§ TASK INSTRUCTIONS
The copy should run from the line containing "Sweat à capuche" through the last line of the entries below, exactly as written, with pictures omitted.
━━ MATERIAL PROVIDED ━━
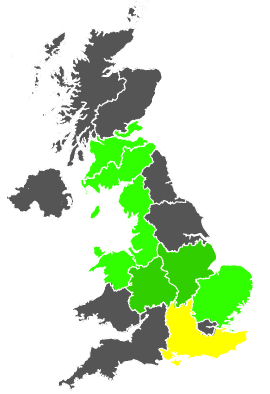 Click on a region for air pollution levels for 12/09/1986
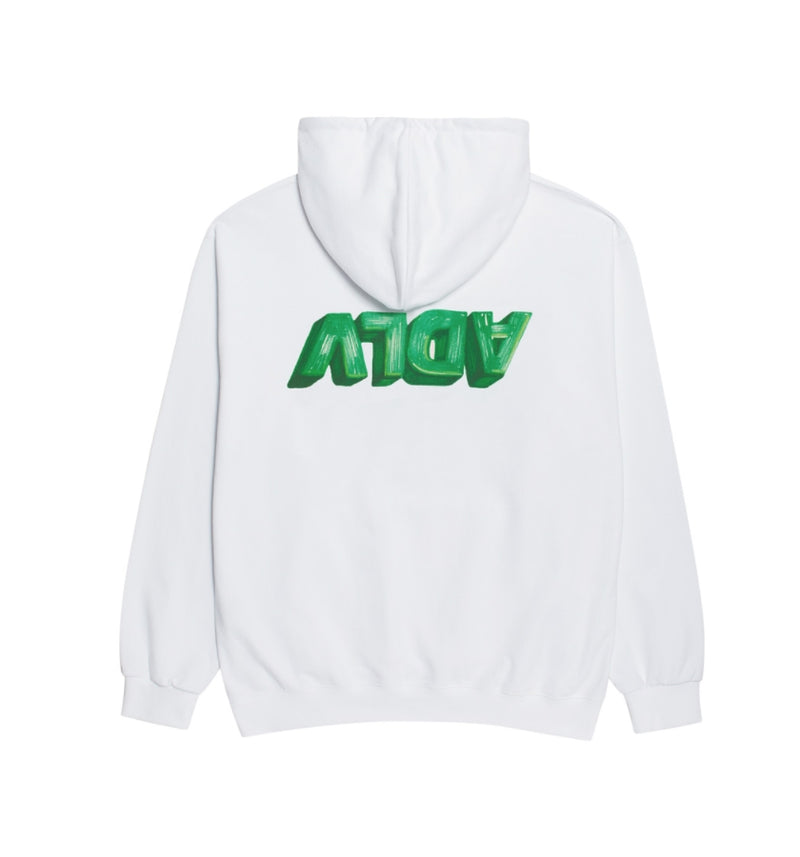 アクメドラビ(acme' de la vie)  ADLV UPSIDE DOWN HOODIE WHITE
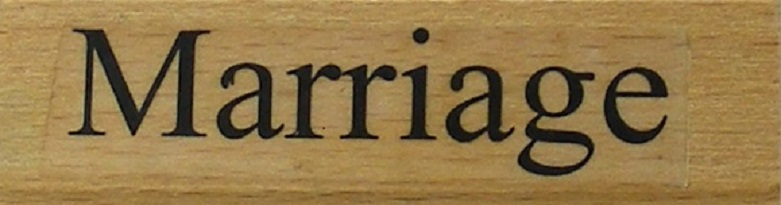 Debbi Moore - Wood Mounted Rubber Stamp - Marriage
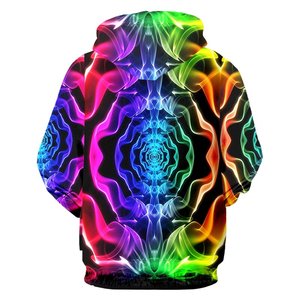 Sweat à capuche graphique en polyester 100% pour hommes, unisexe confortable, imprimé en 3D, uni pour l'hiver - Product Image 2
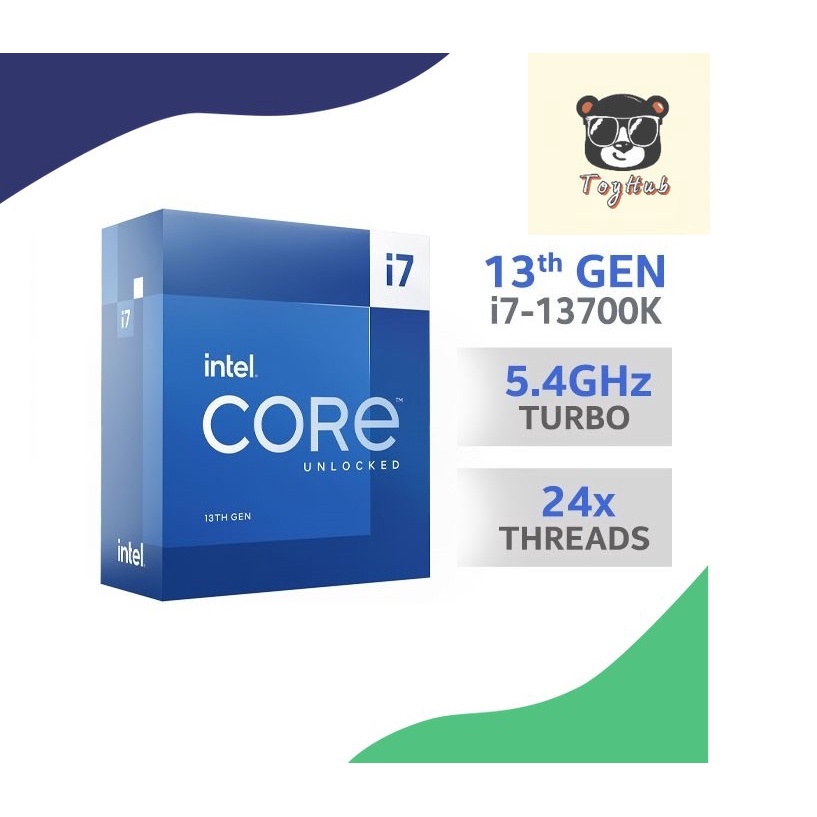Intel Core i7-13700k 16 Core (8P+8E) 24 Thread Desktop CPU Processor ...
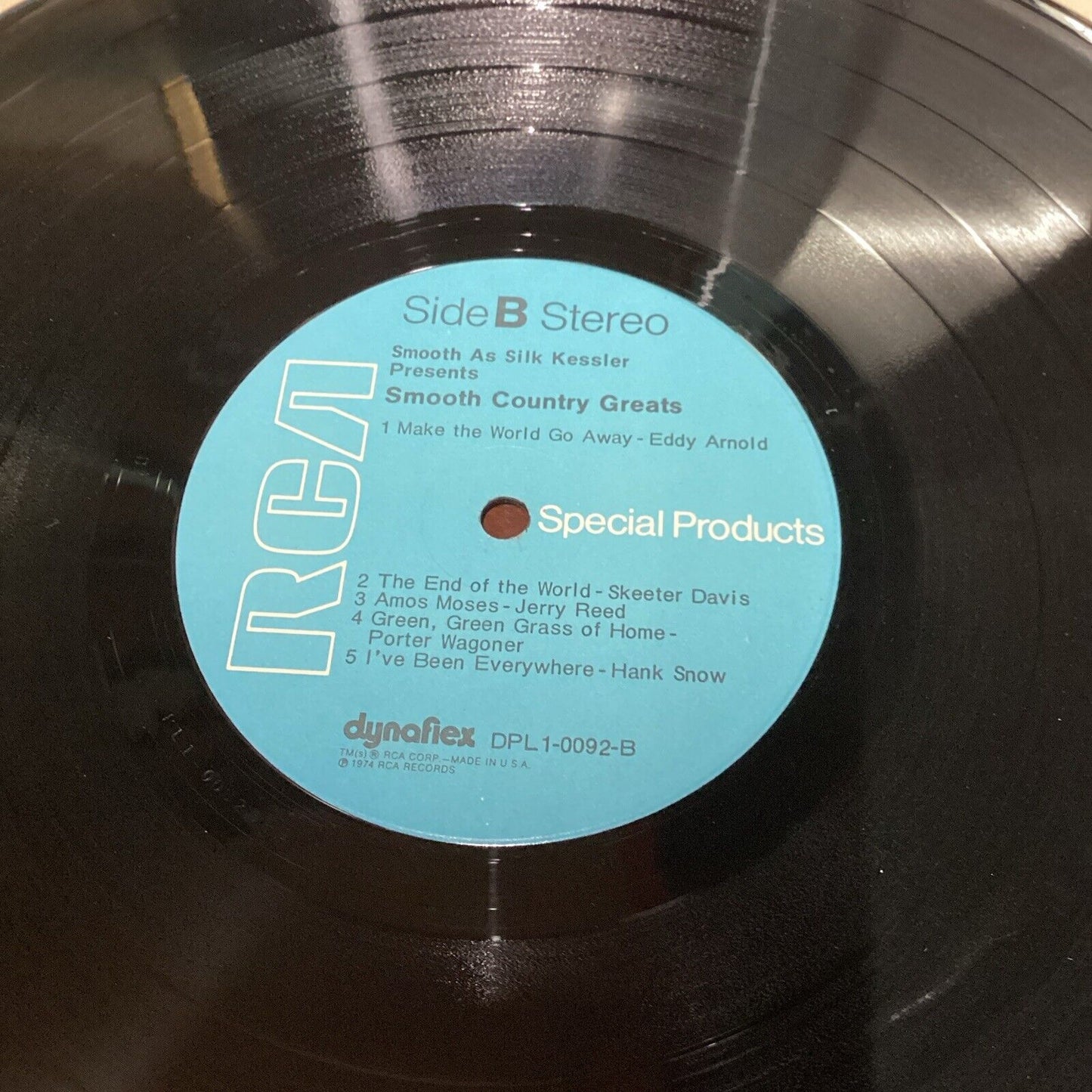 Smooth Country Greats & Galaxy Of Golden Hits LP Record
━━━
§ ANSWER FOR THE TASK
 Sweat à capuche graphique en polyester 100% pour hommes, unisexe confortable, imprimé en 3D, uni pour l'hiver - Product Image 2
Intel Core i7-13700k 16 Core (8P+8E) 24 Thread Desktop CPU Processor ...
 Smooth Country Greats & Galaxy Of Golden Hits LP Record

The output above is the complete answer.